# Writing off Timeshare Real Estate Taxes on Income tax



## TravelGirl63 (Mar 6, 2010)

Has anyone or does anyone know if you can write off the real estate taxes you pay for your timeshare on your income tax. I've never done this, but wondered if anyone knows if you can?


----------



## Luanne (Mar 6, 2010)

I always have.


----------



## DeniseM (Mar 6, 2010)

We do. 

See this tax article on the TUG Advice page - scroll down to "Deductible Items."


----------



## TravelGirl63 (Mar 6, 2010)

Thanks!  I don't know why it never occurred to me to do this in the past.  Now, I just have to find those 2009 bills Starwood sent...


----------



## jarta (Mar 6, 2010)

TravelGirl63,  "I don't know why it never occurred to me to do this in the past.

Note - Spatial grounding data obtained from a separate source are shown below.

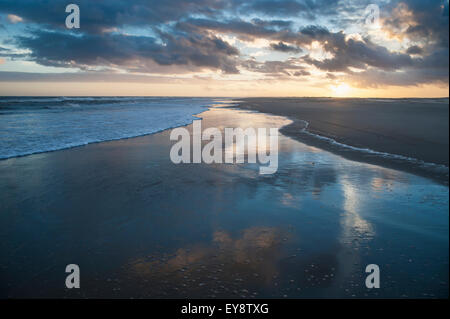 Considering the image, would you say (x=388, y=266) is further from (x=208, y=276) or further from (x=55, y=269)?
(x=55, y=269)

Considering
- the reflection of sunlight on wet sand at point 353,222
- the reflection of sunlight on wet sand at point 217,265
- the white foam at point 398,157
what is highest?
the white foam at point 398,157

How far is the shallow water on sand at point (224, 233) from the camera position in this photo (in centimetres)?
387

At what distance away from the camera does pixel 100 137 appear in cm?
1705

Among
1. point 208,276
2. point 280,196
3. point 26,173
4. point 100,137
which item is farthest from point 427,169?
point 100,137

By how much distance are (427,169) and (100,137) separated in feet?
54.9

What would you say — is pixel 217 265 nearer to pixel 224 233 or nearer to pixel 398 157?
pixel 224 233

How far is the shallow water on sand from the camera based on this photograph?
387 cm

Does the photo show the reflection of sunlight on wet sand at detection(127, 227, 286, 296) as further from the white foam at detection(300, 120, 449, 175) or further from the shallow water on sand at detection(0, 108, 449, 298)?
the white foam at detection(300, 120, 449, 175)

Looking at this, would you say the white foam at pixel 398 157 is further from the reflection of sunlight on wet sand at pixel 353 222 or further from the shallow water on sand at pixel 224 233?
the reflection of sunlight on wet sand at pixel 353 222

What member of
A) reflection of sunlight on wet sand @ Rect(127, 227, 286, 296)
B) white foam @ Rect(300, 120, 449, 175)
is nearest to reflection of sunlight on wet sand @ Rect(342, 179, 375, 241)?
reflection of sunlight on wet sand @ Rect(127, 227, 286, 296)

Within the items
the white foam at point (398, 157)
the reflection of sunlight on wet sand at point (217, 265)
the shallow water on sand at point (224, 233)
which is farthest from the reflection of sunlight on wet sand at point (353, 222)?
the white foam at point (398, 157)

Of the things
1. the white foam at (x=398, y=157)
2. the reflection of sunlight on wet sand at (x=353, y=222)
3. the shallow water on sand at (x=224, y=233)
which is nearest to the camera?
the shallow water on sand at (x=224, y=233)

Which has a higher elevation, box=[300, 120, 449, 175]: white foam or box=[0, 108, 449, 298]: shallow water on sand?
box=[300, 120, 449, 175]: white foam

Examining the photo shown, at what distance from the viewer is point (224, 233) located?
17.5 feet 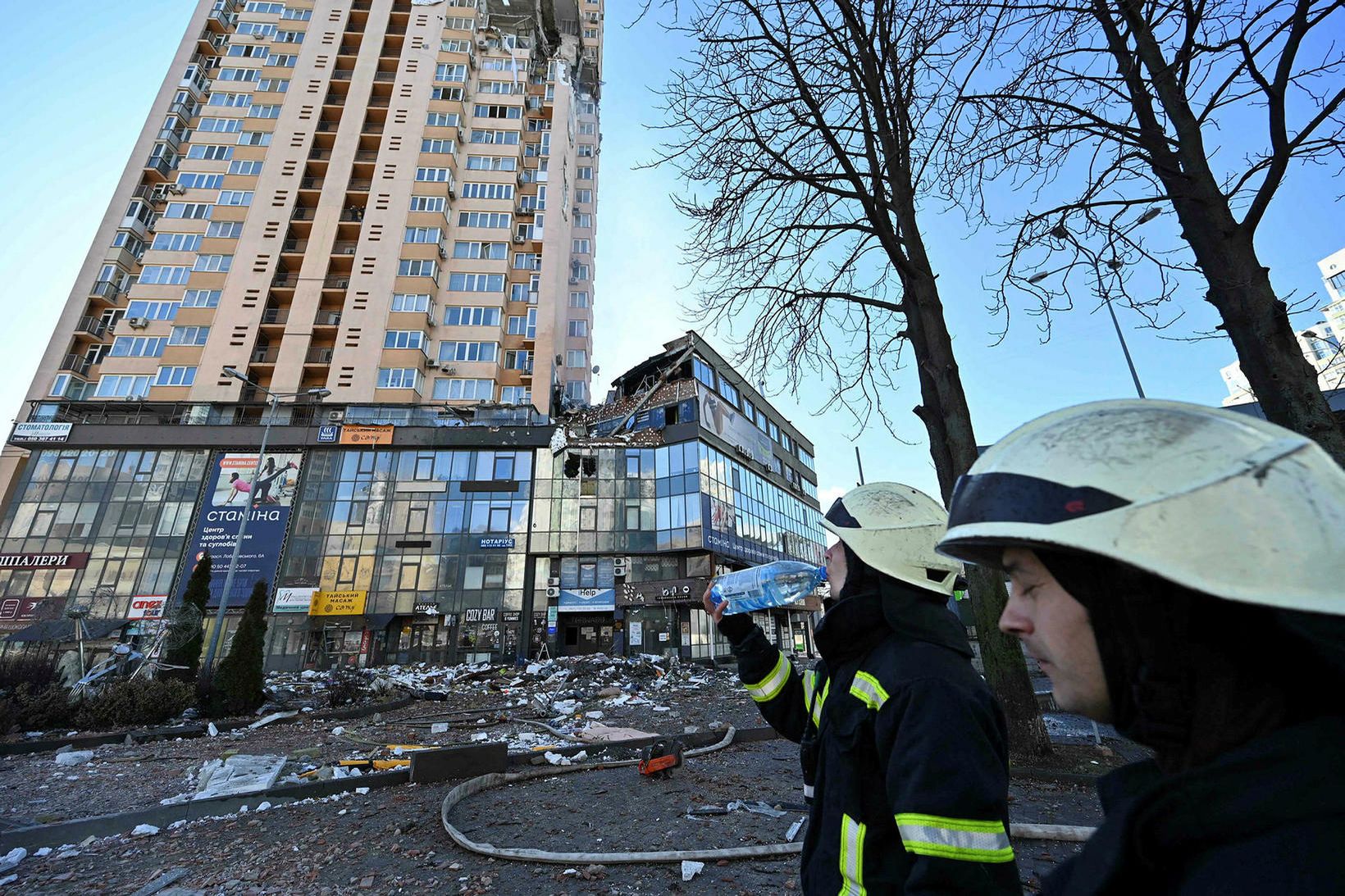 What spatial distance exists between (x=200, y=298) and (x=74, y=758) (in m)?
37.5

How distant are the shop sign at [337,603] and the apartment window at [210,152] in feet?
110

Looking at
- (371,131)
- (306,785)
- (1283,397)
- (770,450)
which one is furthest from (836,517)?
(371,131)

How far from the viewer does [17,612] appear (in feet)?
96.7

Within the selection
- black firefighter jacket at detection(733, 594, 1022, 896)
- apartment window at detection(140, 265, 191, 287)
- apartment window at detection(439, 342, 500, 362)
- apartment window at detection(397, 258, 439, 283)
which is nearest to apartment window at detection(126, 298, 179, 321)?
apartment window at detection(140, 265, 191, 287)

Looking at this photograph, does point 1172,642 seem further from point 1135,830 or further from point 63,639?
point 63,639

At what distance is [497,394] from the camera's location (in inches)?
1489

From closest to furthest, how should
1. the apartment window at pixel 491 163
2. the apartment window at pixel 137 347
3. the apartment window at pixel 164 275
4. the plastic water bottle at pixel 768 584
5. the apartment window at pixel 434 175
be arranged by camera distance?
the plastic water bottle at pixel 768 584 < the apartment window at pixel 137 347 < the apartment window at pixel 164 275 < the apartment window at pixel 434 175 < the apartment window at pixel 491 163

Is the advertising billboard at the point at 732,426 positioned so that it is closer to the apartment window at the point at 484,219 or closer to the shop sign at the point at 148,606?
the apartment window at the point at 484,219

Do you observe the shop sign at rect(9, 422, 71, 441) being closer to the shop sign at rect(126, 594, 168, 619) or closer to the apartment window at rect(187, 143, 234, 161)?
the shop sign at rect(126, 594, 168, 619)

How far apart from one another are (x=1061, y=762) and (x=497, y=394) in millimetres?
35650

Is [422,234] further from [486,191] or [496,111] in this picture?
[496,111]

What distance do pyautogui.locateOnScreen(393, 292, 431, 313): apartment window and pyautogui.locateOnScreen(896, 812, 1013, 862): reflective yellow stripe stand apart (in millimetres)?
40991

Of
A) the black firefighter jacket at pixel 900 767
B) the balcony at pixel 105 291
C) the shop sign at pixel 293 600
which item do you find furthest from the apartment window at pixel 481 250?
the black firefighter jacket at pixel 900 767

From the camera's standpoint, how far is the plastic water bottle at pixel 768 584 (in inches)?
149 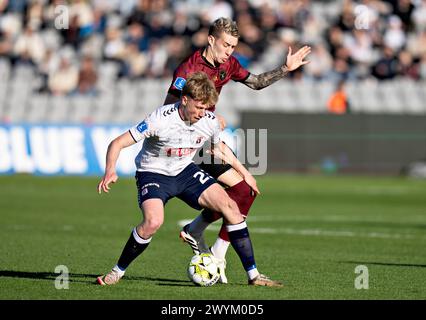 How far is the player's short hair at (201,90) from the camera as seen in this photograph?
895 cm

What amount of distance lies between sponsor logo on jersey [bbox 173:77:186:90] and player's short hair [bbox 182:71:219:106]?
0.71 m

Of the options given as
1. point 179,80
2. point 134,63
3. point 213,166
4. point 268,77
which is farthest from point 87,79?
point 179,80

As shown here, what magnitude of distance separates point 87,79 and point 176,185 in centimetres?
1930

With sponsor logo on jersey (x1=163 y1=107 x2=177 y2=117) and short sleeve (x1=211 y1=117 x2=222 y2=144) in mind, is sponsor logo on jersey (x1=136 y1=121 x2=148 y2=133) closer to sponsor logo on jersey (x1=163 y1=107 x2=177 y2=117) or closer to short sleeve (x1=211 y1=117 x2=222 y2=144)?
sponsor logo on jersey (x1=163 y1=107 x2=177 y2=117)

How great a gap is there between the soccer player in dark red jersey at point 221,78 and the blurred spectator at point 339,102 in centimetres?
Result: 1698

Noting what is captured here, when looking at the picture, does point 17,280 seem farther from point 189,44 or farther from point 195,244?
point 189,44

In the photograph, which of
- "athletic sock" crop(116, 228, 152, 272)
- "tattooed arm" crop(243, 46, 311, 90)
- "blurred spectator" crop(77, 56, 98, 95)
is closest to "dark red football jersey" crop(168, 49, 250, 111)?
"tattooed arm" crop(243, 46, 311, 90)

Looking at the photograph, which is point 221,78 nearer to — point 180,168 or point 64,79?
point 180,168

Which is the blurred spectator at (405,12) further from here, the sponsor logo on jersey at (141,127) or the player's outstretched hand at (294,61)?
the sponsor logo on jersey at (141,127)

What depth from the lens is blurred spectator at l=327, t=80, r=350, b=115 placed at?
89.6ft

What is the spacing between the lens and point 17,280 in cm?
955

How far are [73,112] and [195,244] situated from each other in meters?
18.2

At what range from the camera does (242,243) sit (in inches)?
372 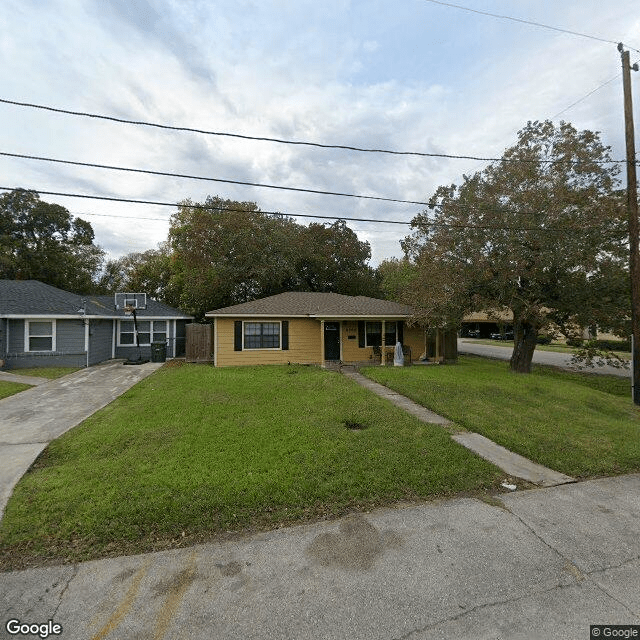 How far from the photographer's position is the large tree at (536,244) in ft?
39.0

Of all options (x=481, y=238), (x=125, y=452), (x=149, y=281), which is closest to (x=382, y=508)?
(x=125, y=452)

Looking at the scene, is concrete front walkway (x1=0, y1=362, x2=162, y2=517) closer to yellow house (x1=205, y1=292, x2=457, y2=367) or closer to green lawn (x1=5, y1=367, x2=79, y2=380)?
green lawn (x1=5, y1=367, x2=79, y2=380)

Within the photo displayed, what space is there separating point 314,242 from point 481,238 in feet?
55.4

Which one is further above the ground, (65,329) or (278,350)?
(65,329)

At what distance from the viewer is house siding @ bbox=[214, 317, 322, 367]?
609 inches

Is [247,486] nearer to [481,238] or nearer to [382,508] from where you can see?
[382,508]

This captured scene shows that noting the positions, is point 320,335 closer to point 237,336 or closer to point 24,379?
point 237,336

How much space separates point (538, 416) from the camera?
25.5 ft

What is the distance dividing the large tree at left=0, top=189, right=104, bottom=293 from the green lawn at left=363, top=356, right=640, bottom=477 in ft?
101

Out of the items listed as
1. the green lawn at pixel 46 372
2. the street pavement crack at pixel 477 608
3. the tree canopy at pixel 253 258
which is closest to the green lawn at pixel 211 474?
the street pavement crack at pixel 477 608

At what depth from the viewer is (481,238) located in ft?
43.3

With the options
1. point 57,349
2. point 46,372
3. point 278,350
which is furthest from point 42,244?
point 278,350

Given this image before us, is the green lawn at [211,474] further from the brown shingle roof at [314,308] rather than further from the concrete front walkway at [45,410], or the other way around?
the brown shingle roof at [314,308]

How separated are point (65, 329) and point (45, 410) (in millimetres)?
8633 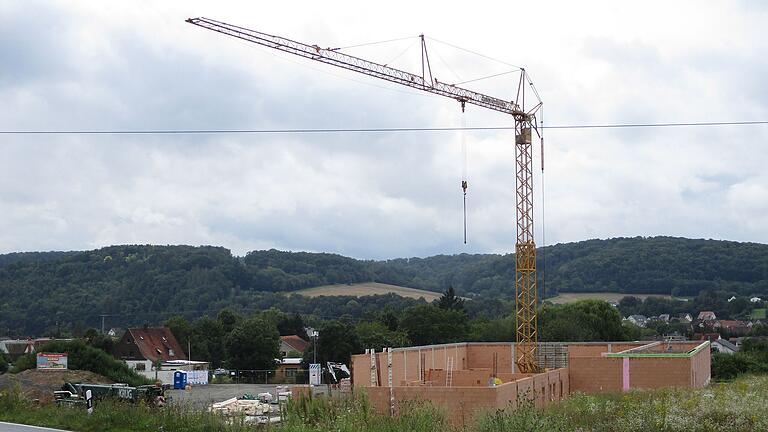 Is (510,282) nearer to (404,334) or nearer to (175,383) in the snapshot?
Result: (404,334)

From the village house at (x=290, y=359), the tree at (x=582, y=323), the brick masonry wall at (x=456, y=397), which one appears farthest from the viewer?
the tree at (x=582, y=323)

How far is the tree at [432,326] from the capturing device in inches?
3503

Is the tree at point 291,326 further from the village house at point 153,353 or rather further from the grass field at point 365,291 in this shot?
the grass field at point 365,291

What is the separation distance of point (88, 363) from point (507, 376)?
93.0 feet

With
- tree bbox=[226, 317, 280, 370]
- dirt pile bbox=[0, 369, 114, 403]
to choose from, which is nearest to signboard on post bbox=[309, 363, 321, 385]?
dirt pile bbox=[0, 369, 114, 403]

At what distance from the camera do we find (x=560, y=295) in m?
154

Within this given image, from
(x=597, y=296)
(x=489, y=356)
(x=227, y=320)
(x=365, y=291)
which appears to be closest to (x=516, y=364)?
(x=489, y=356)

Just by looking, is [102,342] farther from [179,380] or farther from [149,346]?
[179,380]

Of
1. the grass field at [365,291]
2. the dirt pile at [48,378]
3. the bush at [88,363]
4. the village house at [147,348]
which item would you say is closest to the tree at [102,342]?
the village house at [147,348]

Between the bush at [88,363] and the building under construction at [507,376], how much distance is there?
19604 millimetres

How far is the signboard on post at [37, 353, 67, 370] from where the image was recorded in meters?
51.8

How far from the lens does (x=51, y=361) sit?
171 ft

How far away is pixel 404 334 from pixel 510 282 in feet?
319

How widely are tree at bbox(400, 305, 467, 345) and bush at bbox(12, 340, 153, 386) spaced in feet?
125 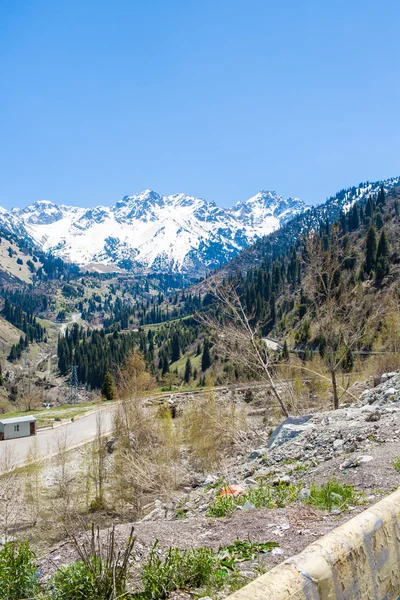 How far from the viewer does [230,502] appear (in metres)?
8.40

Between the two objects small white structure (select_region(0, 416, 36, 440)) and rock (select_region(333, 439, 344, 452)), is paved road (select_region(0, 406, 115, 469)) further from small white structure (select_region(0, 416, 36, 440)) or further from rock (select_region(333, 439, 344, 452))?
rock (select_region(333, 439, 344, 452))

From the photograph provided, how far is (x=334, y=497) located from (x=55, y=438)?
45.6 meters

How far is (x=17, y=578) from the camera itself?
5.27m

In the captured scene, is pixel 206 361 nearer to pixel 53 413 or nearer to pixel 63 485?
pixel 53 413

Now, I just have to find those 2009 bills Starwood sent..."

I hope you read to the end of the Deductible Items section DeniseM posted:

"*Your annual maintenance fee is not deductible*. This annual fee for utilities, pool care, lawn care, other maintenance, management, and other expenses can be compared to similar expenditures that you might incur on your primary residence, which are also not deductible."   ...   eom


----------



## csudell (Mar 6, 2010)

you can deduct the real estate tax portion, not the utilities, etc.  the real estate tax portion is generally a very small piece of of the pie.


----------



## DavidnRobin (Mar 7, 2010)

if your taxes are into AMT - property tax write offs decrease...
WKORV taxes are called Ad Valorum Tax in the MF bill (if I recall correctly)


----------



## DeniseM (Mar 7, 2010)

DavidnRobin said:


> if your taxes are into AMT - property tax write offs decrease...
> WKORV taxes are called Ad Valorum Tax in the MF bill (if I recall correctly)



David - that's correct!


----------



## Tider (Mar 7, 2010)

I can't find my 2009 statements regarding MFs.  Is there some way to get a copy of those statements with a breakdown as to the real estate taxes.  I haven't been able to locate that information on mystarcentral.
Thanks,
Tider


----------



## DavidnRobin (Mar 7, 2010)

What type of villa do you own? I may get Robin to pull it out.
In an TUG thread (and may be assumed from the link above) - it was mentioned that property taxes had to be billed separately to write-off - so be careful with WKORV. (and check with tax advisor...)


----------



## london (Mar 7, 2010)

*Real Estate Taxes*

We have found that the RE taxes per unit week in Florida, are in the 50.00 to 80.00 range.


----------



## DeniseM (Mar 7, 2010)

David - Dave M's article also states:



> They should also be deductible if your resort shows them as a separate item on your maintenance fee billing.


  And he is a CPA.

But i agree - take the MF bill into your tax professional.


----------



## Tider (Mar 8, 2010)

Dave and Robin,

I own an EY 2 BR LO OV at WKORV and an EOY 1 BR OV Deluxe at the same resort.  

Thanks,
Tider


----------



## pianodinosaur (Mar 8, 2010)

My accountant always asks for the real estate taxes on my timesharses.


----------



## Phill12 (Mar 8, 2010)

Have always used the Nevada tax. Just listed my 2009 unit which was about $39.00 and also paid taxes for both units 2010 in 2009 . Because of this I wrote all three off this year. My taxes went from $39.00 to $45.00 for 2010.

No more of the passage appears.